Basic Wild Vinegar Recipes

Creating fine vinegars infused with the flavour of your favourite foraged finds is super quick, and, luckily for us, super easy! Flavoured vinegars can be used to add an extra depth of flavour to pasta sauces, ragus, stews, and other dishes, as a pickling vinegar, or as a dressing for salads, meats, cheeses or even ice cream! Most wild vinegars are made from fragrant foraged flowers, like Flowering Currant or Elderflower, but you can also use herbs, such as Wild Thyme and Mugwort. All you need is some vinegar and a suitable wild foraged find, preferably one with a stong, unique flavour. You can also infuse vinegars with foraged berries, such as redcurrant, raspberry and blackberry, to make a sweet dressing similar in consistency to balsamic.

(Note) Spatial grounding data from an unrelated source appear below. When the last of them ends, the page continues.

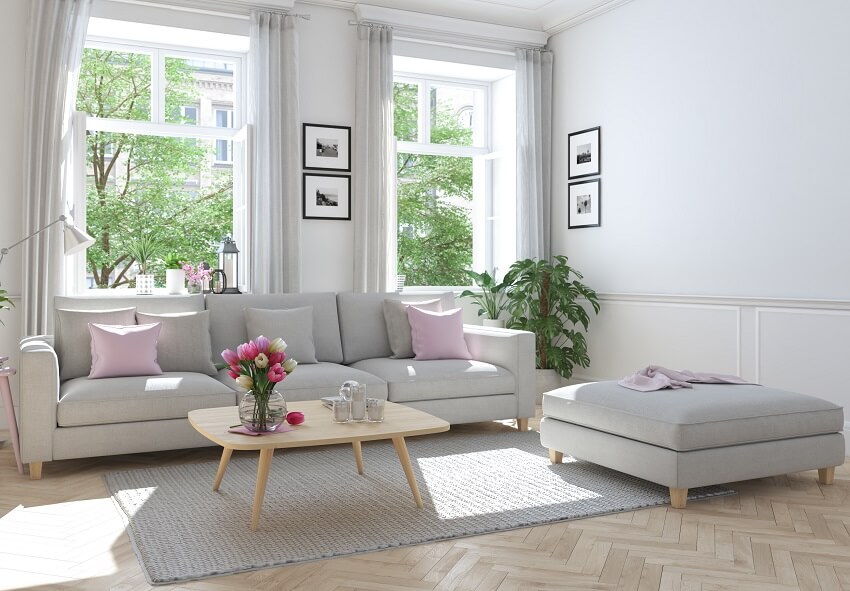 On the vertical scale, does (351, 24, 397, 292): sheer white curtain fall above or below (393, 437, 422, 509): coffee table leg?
above

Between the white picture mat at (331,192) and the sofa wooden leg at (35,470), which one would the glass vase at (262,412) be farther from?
the white picture mat at (331,192)

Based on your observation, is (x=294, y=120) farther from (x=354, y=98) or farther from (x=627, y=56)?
(x=627, y=56)

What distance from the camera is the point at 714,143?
510 cm

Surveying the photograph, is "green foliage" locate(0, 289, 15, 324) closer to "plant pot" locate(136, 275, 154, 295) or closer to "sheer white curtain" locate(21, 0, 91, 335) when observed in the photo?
"sheer white curtain" locate(21, 0, 91, 335)

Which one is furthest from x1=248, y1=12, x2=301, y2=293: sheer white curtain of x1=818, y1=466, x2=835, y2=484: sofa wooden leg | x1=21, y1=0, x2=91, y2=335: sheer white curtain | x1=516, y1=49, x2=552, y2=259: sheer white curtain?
x1=818, y1=466, x2=835, y2=484: sofa wooden leg

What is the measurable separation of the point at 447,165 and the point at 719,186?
4.16m

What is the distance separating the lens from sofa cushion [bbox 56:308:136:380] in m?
4.30

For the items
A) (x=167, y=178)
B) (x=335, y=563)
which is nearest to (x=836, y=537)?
(x=335, y=563)

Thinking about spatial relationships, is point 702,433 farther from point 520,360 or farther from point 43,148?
point 43,148

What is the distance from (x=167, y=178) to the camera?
8289mm

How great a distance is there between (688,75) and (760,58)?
60cm

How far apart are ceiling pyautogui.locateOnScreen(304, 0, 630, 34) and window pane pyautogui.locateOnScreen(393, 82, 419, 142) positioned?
140 centimetres

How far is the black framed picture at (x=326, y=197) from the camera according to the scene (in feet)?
19.0

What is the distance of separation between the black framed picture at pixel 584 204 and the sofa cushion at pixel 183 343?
3147mm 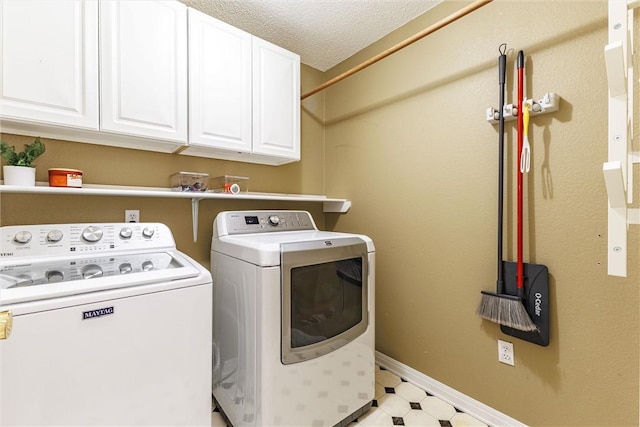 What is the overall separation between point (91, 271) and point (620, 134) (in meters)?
2.00

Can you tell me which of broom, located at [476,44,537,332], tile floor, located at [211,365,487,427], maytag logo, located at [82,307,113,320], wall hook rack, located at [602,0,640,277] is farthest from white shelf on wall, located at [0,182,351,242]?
wall hook rack, located at [602,0,640,277]

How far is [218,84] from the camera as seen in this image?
1741 millimetres

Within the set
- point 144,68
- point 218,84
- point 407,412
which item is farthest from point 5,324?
point 407,412

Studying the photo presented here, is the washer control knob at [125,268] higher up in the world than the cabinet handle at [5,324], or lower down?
higher up

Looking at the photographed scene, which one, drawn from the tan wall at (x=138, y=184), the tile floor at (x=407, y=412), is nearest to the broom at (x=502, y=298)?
the tile floor at (x=407, y=412)

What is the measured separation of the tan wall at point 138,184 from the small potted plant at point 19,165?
0.70ft

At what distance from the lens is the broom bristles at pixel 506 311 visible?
4.50ft

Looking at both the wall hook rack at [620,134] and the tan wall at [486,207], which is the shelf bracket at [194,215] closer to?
the tan wall at [486,207]

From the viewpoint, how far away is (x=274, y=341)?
1.30m

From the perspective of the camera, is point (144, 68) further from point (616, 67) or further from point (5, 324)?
point (616, 67)

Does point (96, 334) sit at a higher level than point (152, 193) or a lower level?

For these berry vinegars, you'll also need some sugar.

Flowering Currant flowers are very fragrant and marry so well with a tangy white wine vinegar.

Standard Wild Vinegar


Prep Time: 5 Minutes

Cooking Time: None

Quantity: Makes a 350ml bottle of vinegar

  • 350ml of White Wine, Red Wine or Cider Vinegar.
  • A small handful of foraged wild plants / flowers.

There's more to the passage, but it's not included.